• [Dataset content]
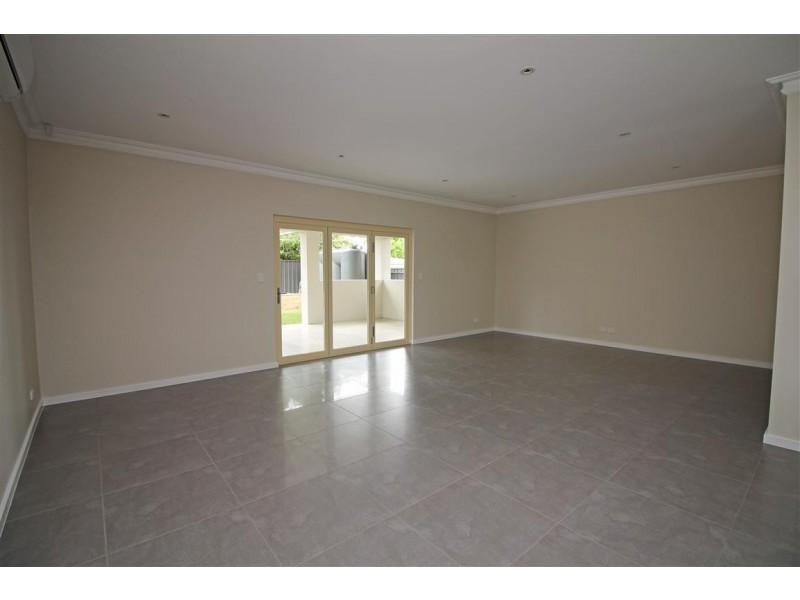 44A London Street, Port Lincoln SA 5606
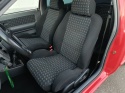 Renault Clio 1.8 16v 1991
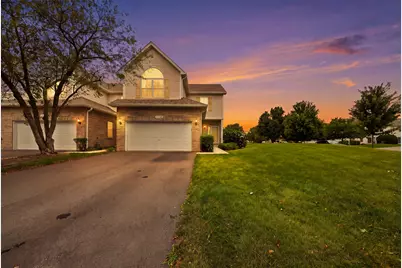 1114 Coventry Lane, Bolingbrook, IL 60440 - Photo 1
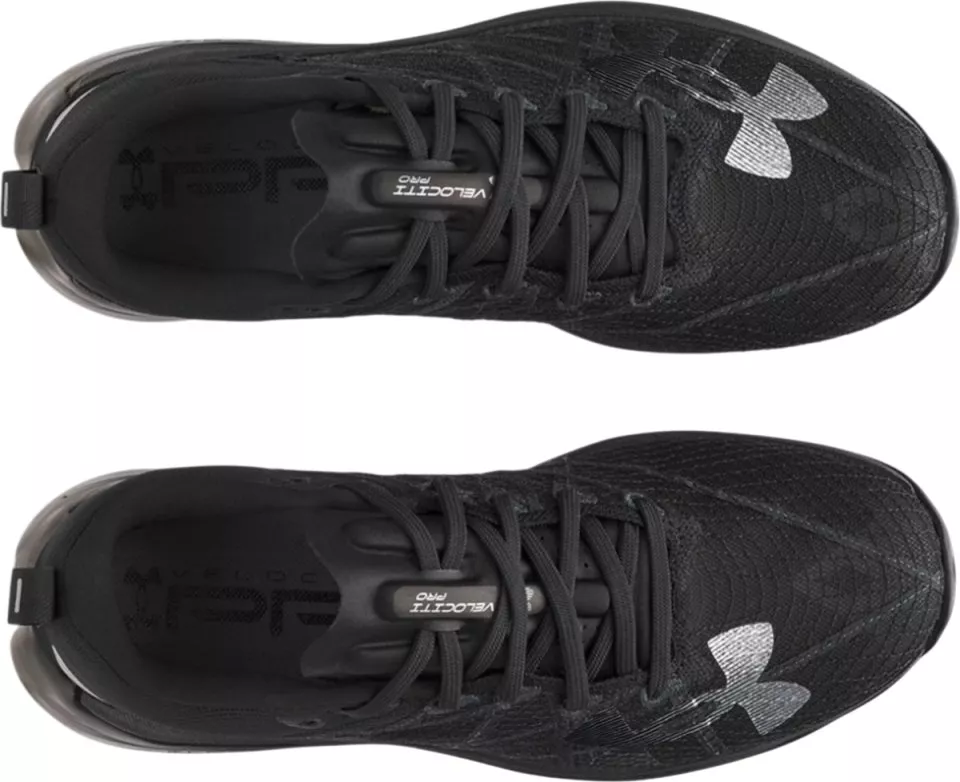 Laufschuhe Under Armour Velociti Pro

• [What you have to do] This task calls for the listing to be restated exactly, with images omitted.

• [Response to the exercise]
 44A London Street, Port Lincoln SA 5606
 Renault Clio 1.8 16v 1991
 1114 Coventry Lane, Bolingbrook, IL 60440 - Photo 1
 Laufschuhe Under Armour Velociti Pro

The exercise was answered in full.